The disciples made what sounded like a confident confession in verses 29-30. “Now You are speaking plainly… we believe that You came from God.” But because their faith was still real yet fragile, they scattered only hours later. Full rest came only after the cross, through the resurrection and the Spirit’s work of helping them understand. Because we stand on the far side of all of that, we are not where they were. The Word is complete, the Spirit has been poured out, the mission is finished, and the Father has been declared. Therefore, we need not scatter.

When life does not make sense, let the cross show you the Father’s heart.

Some people feel secure only when life seems to be going well. When the path is clear, prayers seem answered, and spiritual feelings are strong, this person feels held by God. But when suffering comes, prayers seem unanswered, and the way is dark, that same person begins to interpret difficulty as abandonment.

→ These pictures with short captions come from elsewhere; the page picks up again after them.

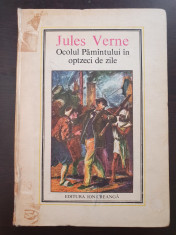 OCOLUL PAMANTULUI IN 80 DE ZILE - Jules Verne foto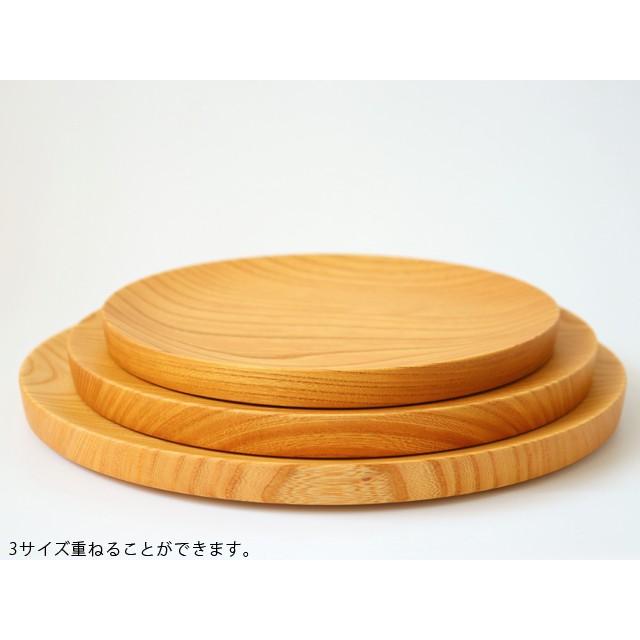 仁取皿 21cm 薗部産業 ニトリ ケヤキ 7寸 日本製 : 雑貨のお店セレクト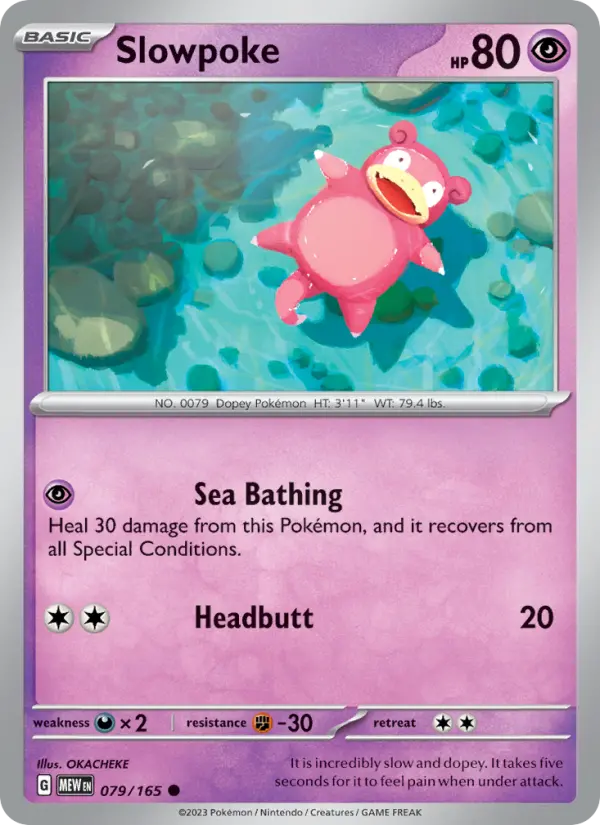 Slowpoke 79 — 151 79, Normal finish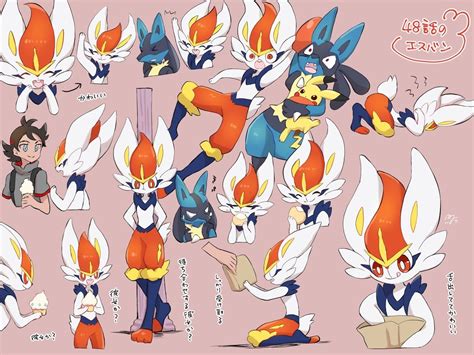 Pin De Kage Hime En Cinderace 0 0 Pokemon Personajes Dibujos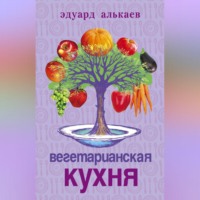 Эдуард Николаевич Алькаев. Вегетарианская кухня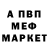 Метадон мёд MLBB isma1lov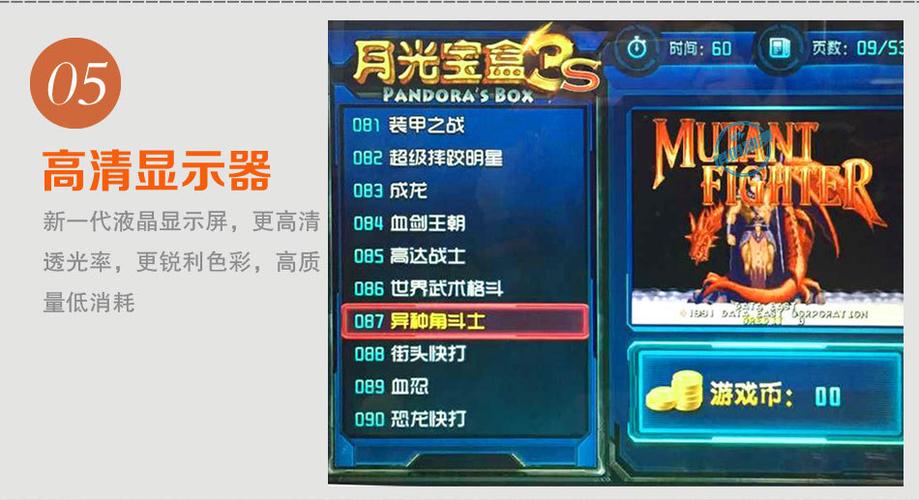 月光宝盒街机如何下载游戏图标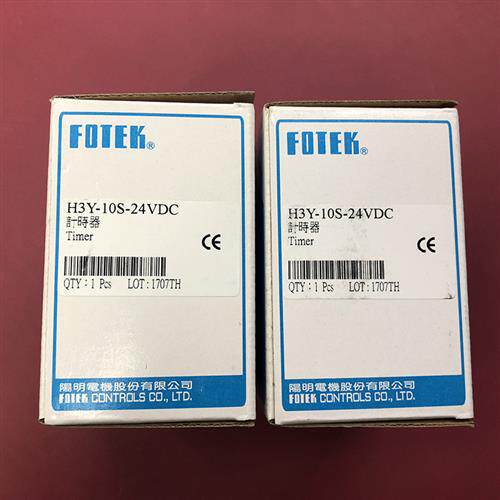 台湾阳明计时器H3Y-10S-24VDC原装正品假一罚十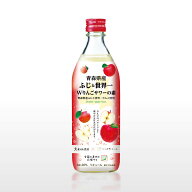 久米仙 青森県産Wりんごサワーの素 500ml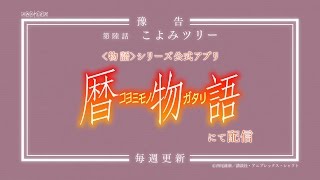 暦物語　／　#06 こよみツリー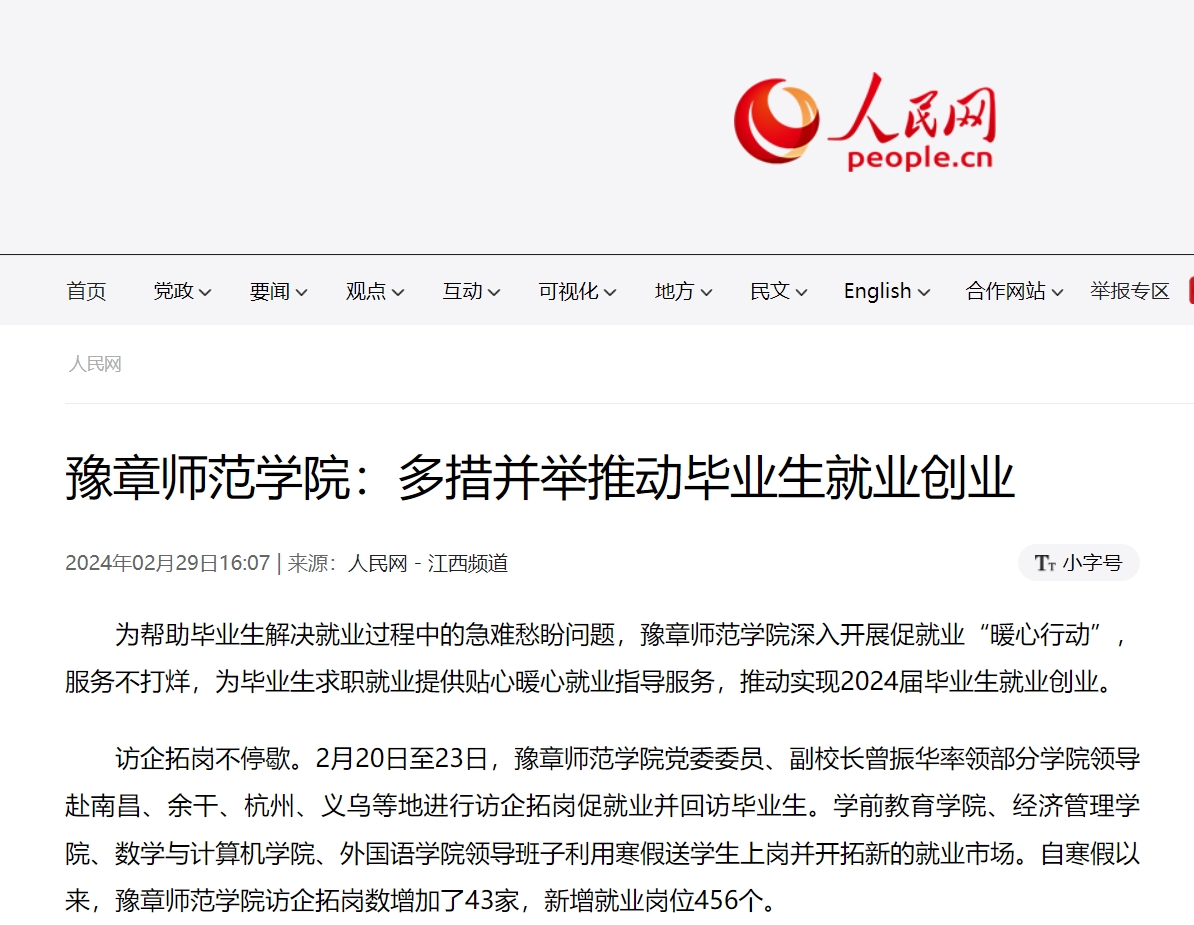 人民网2024.3.4.jpg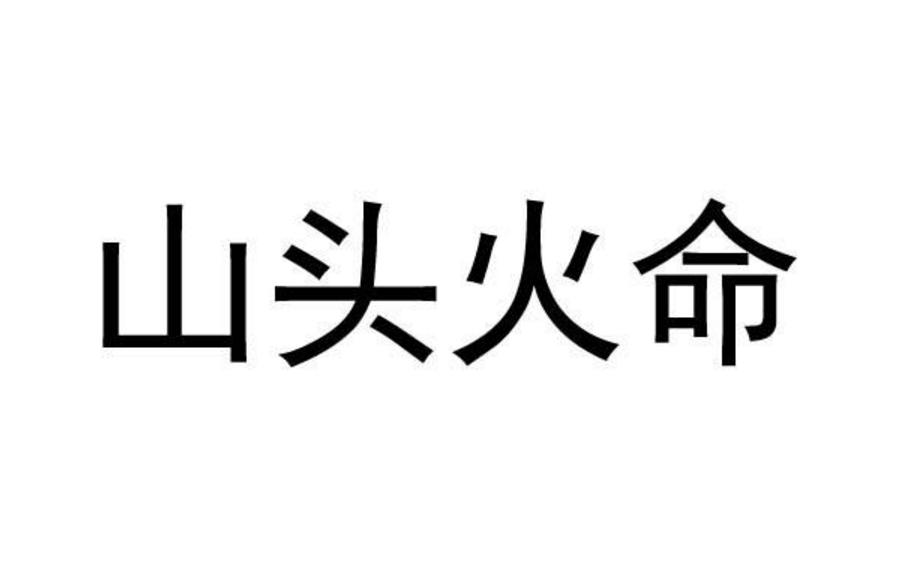 山头火命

God’s silence feels like displeasure and the hard season feels like the Father has turned His face.

Jesus is not pointing to circumstances; He is pointing to the completed mission. When you cannot read the Father’s affection from your current season, read it from the cross. Read it from the empty tomb. Read it from the ascended Son who “is at the right hand of God” and “intercedes for us” (Romans 8:34) even now. Nothing in all creation “will be able to separate us from the love of God, which is in Christ Jesus our Lord” (Romans 8:39). Your assurance does not rest on life going well. It rests on Christ’s completed mission, on the risen Mediator, and on the Father who loves His people in the Son He sent.

Conclusion

The hour Jesus promised has come because the cross has been endured. The resurrection has confirmed what the cross declared, and the Spirit has been poured out. The Father loves His people with a real, personal affection that does not depend on their devotion. His love does not fluctuate with their circumstances or require the Son to soften the Father’s severity. “God is love” (1 John 4:8), and the cross is that love acted in history, made visible in flesh.

Christ brings His people to rest in the Father’s love by leading them from confusion into confident access. There confidence does not come because they have finally performed well enough or finally understand everything. It comes because they know that the Father Himself loves them. He loves them in the Son He sent and through the cross the Son endured. He loves them through the Spirit who opens their eyes and seals them. And He loves them through the Son, who now intercedes at His right hand.

You may have believed all of this for years without fully resting in it. Resting is different from agreeing with it. Resting happens when you stop scanning your own spiritual record for signs of the Father’s approval. You look instead at the Son He gave. The Son He gave is the declaration of His love, and that declaration is costly, permanent, and cannot be revoked. Come to the Father through Christ. Not after you have repaired yourself. Not after you have proven your sorrow is deep enough. Not after you have made your spiritual life impressive enough. You come because the Son has opened the way, and because the Father Himself loves His people.

So pray. Confess the sin you have been hiding. Bring the sorrow you have been carrying. Name the fear that has kept you distant. Ask for the help you have been too ashamed to ask for. And when your heart tells you the Father will only tolerate you, answer your heart with the Son He gave.

The Son He gave is the declaration of His love, and that declaration is costly, permanent, and cannot be revoked. Come to the Father through Christ. He is not barely persuaded to tolerate you. He is the One whose love moved toward you in the giving of His Son. Rest there.

Coming to the Father does not require you to move from your seat, know the perfect words, or wait until you feel worthy. It means turning to Him honestly through Christ, right where you are. That may be a quiet prayer as simple as this: “Father, I come to You through Jesus. I believe Your Son has opened the way. Help me trust Your love.”

And if you need help praying that way, come talk with me after the service. Not because Christ is hard to reach, but because sometimes we need another believer to help us take the next step.